Did she stage her death and run away? Was she fleeing from her family? Were they terrible? Violent?
Or maybe they helped her escape. Maybe they faked her death to protect her from something, the world of violence and danger she was born into.
I don’t know. There are too many possibilities, too many blanks I can’t fill in.
But I do know the Voronin Syndicate is no longer active. They must have dissolved without a clear successor, maybe absorbed or destroyed by rivals. I’ll need to cross-reference intelligence databases, pull archived surveillance reports, even hack into old FSB case files if I can find a way in.
I have my work cut out for me.
I pull my knees up to my chest, wrapping my arms around myself. Why would the daughter of a powerful pakhan be trafficked? Was it punishment against her or her family? Revenge for something that went wrong between the Voronins and a rival? Worse, was it possible they were in on it all?
I close the laptop and sit in the growing dawn light.
Here’s what I know for certain: the Voronins and the Kupola Network are gone, but the Baronovs remain.
And Ruslan Baronov ran Velour, the club that auctioned off trafficked women, during the years my mother disappeared. He must know something, and I’ll do whatever it takes to get that information.
I push myself off the couch and head to the kitchen, filling the kettle. I have a shift at Velour tonight. Every night is a chance to learn something.
I need to stay focused. Keep my walls up. Remember why I’m here.

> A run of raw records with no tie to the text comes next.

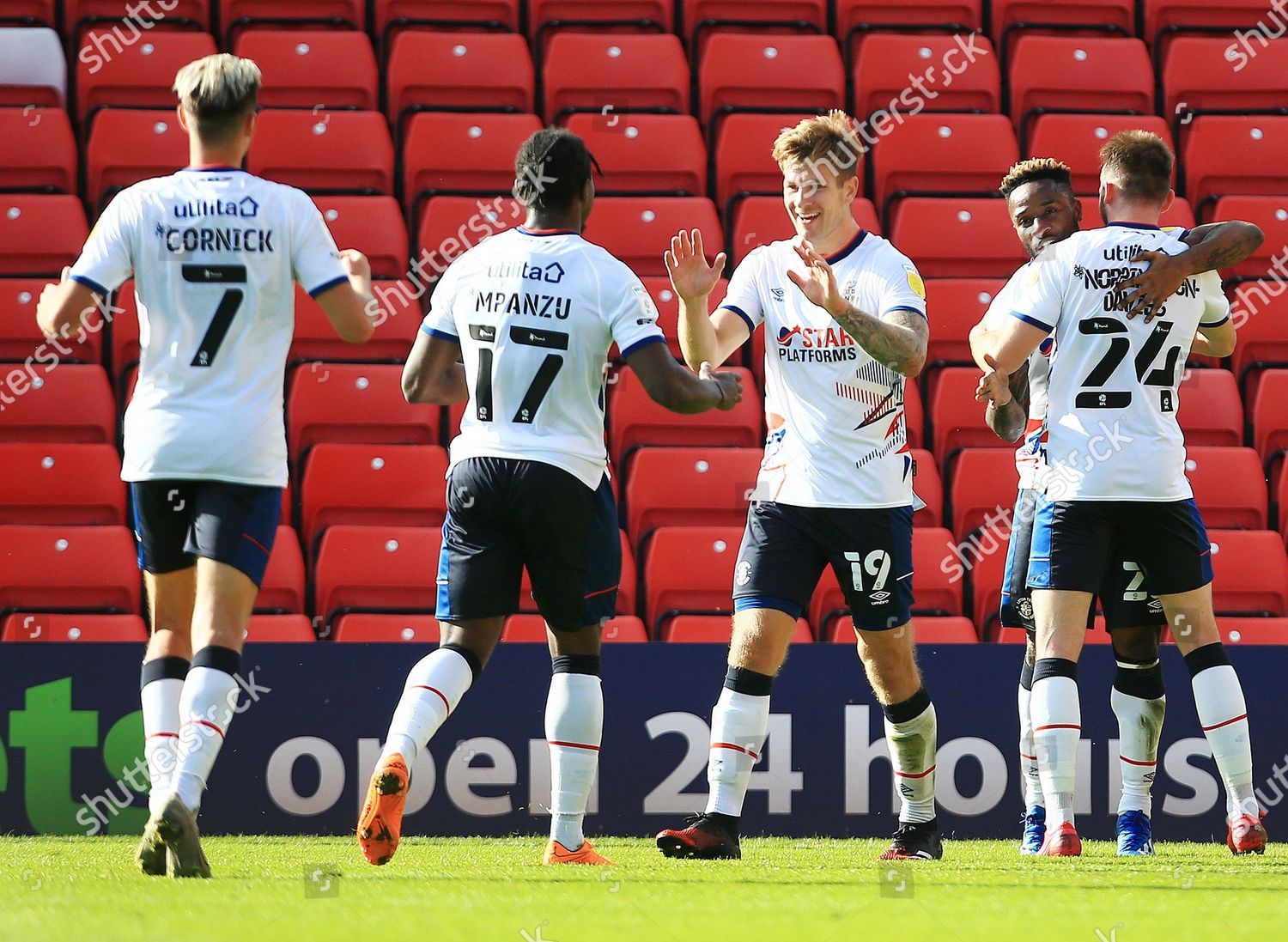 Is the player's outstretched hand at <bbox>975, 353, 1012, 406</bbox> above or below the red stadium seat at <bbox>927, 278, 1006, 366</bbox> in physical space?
below

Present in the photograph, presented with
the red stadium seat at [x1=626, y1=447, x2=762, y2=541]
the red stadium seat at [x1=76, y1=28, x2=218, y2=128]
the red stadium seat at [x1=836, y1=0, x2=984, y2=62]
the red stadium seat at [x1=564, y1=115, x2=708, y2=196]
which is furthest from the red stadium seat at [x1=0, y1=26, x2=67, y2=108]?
the red stadium seat at [x1=836, y1=0, x2=984, y2=62]

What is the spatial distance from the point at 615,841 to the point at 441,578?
1.77 meters

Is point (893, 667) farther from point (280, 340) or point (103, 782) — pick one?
point (103, 782)

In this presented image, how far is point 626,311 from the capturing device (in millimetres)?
4133

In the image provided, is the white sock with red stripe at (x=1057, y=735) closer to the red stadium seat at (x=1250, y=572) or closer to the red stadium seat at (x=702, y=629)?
the red stadium seat at (x=702, y=629)

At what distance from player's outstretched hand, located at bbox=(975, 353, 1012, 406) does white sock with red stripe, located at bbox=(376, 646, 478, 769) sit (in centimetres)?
173

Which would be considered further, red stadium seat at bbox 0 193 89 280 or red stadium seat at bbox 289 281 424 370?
red stadium seat at bbox 0 193 89 280

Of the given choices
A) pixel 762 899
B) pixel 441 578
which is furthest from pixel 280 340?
pixel 762 899

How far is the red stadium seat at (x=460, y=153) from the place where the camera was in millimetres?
8359

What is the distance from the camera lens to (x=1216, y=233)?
4.66m

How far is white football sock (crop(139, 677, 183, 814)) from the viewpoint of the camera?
3.76 metres

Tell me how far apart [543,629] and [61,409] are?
8.37 ft

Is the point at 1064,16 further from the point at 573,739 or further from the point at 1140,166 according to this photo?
the point at 573,739

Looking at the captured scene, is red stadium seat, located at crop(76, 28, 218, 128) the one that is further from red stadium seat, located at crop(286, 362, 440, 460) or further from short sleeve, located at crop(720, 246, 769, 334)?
short sleeve, located at crop(720, 246, 769, 334) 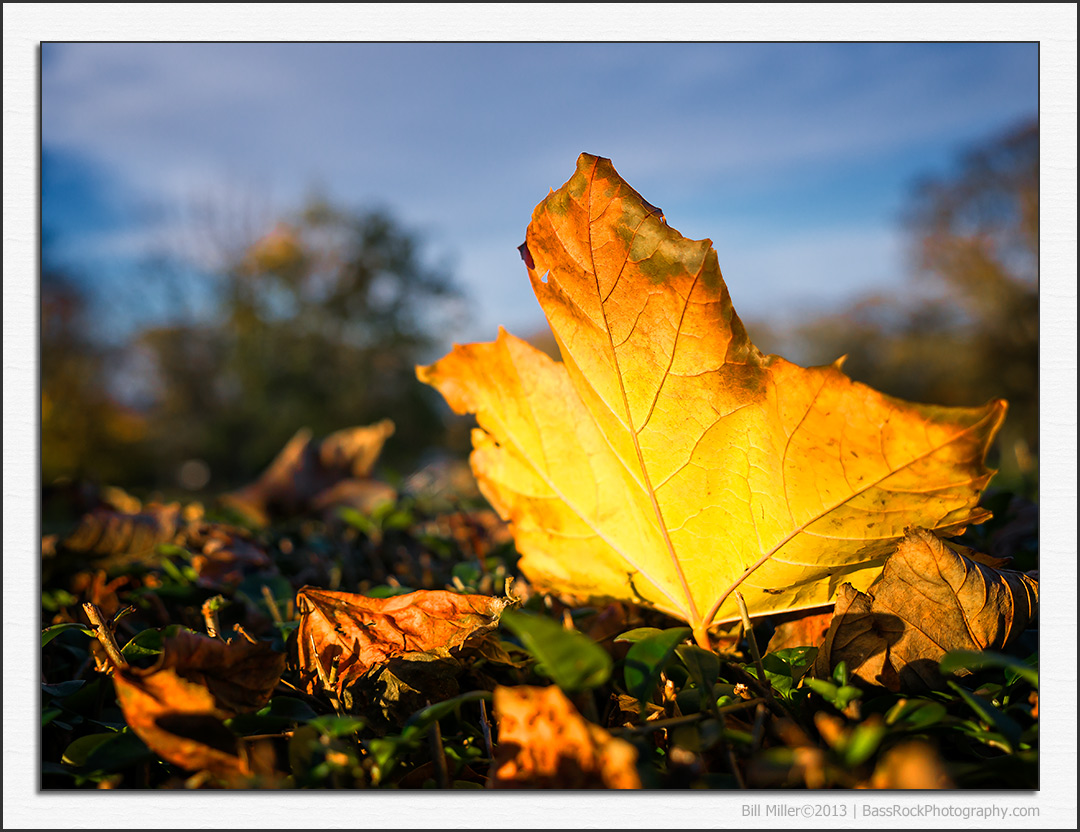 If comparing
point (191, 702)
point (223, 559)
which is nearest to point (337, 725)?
point (191, 702)

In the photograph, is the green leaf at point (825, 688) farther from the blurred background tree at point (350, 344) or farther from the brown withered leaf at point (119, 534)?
the blurred background tree at point (350, 344)

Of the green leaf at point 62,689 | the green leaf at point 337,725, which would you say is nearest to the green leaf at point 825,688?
the green leaf at point 337,725

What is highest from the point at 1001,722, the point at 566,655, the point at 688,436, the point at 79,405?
the point at 79,405

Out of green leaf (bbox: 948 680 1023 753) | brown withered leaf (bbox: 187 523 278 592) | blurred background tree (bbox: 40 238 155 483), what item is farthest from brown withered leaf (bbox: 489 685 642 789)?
blurred background tree (bbox: 40 238 155 483)

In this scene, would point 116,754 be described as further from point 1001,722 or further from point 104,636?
point 1001,722

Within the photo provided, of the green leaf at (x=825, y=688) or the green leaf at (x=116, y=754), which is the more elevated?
Answer: the green leaf at (x=116, y=754)

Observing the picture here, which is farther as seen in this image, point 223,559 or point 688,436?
point 223,559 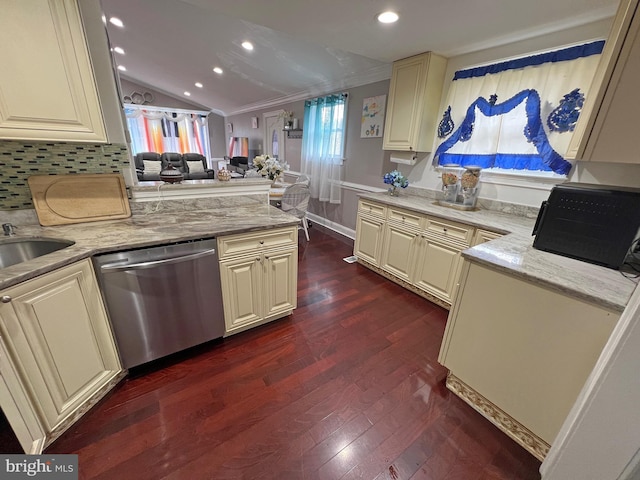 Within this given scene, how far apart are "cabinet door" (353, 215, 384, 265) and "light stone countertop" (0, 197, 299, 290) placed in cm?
129

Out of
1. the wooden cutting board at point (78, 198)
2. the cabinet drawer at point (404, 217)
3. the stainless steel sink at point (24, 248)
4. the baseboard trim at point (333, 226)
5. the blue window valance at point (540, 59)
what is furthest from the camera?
the baseboard trim at point (333, 226)

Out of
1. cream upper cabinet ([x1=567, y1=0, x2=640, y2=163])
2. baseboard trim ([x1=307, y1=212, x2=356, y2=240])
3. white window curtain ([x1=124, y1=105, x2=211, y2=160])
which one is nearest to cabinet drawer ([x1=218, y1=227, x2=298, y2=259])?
cream upper cabinet ([x1=567, y1=0, x2=640, y2=163])

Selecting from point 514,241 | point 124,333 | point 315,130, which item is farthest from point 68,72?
point 315,130

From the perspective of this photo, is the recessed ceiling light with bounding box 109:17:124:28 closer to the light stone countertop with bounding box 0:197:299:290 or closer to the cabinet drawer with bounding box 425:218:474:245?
the light stone countertop with bounding box 0:197:299:290

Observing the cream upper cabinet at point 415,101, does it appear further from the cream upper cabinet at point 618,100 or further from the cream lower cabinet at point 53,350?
the cream lower cabinet at point 53,350

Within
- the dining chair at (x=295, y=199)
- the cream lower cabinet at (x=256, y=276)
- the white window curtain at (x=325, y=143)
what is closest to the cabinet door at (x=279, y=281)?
the cream lower cabinet at (x=256, y=276)

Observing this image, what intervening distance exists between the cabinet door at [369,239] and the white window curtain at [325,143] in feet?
4.06

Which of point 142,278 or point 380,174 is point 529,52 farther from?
point 142,278

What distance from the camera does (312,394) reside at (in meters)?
1.51

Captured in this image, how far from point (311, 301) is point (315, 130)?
314 centimetres

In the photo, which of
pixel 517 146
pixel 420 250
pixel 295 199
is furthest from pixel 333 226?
pixel 517 146

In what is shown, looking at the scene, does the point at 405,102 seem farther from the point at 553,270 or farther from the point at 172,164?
the point at 172,164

And stay the hell away from Kirill Baronov.
CHAPTER
SIXTEEN
KIRILL
The concrete iscold against my chest, even through the tactical vest. I’ve been lying on this warehouse rooftop for forty minutes, barely moving, the rifle steady against my shoulder. The scope gives me a perfect view of Pier 19. Every shipping container, every shadow, every angle where the Ghost might approach.
Two hundred meters to my left, Matvey’s positioned on another rooftop, weapon at the ready.
Below us, fifty soldiers are spread across the pier, hidden from sight.
The last few days have been intense. Planning everything in person with only a select few aware of the true mission. Most of the soldiers think this is a standard pickup with extra security because of recent attacks. Only my brothers, Elio, and his two captains know we’re setting a trap. It’s a gamble. If one of those fifty is compromised, the Ghost knows we’re here. But we can’t run an operation this size with just six people. Sometimes you have to roll the dice and hope your odds are better than the enemy’s.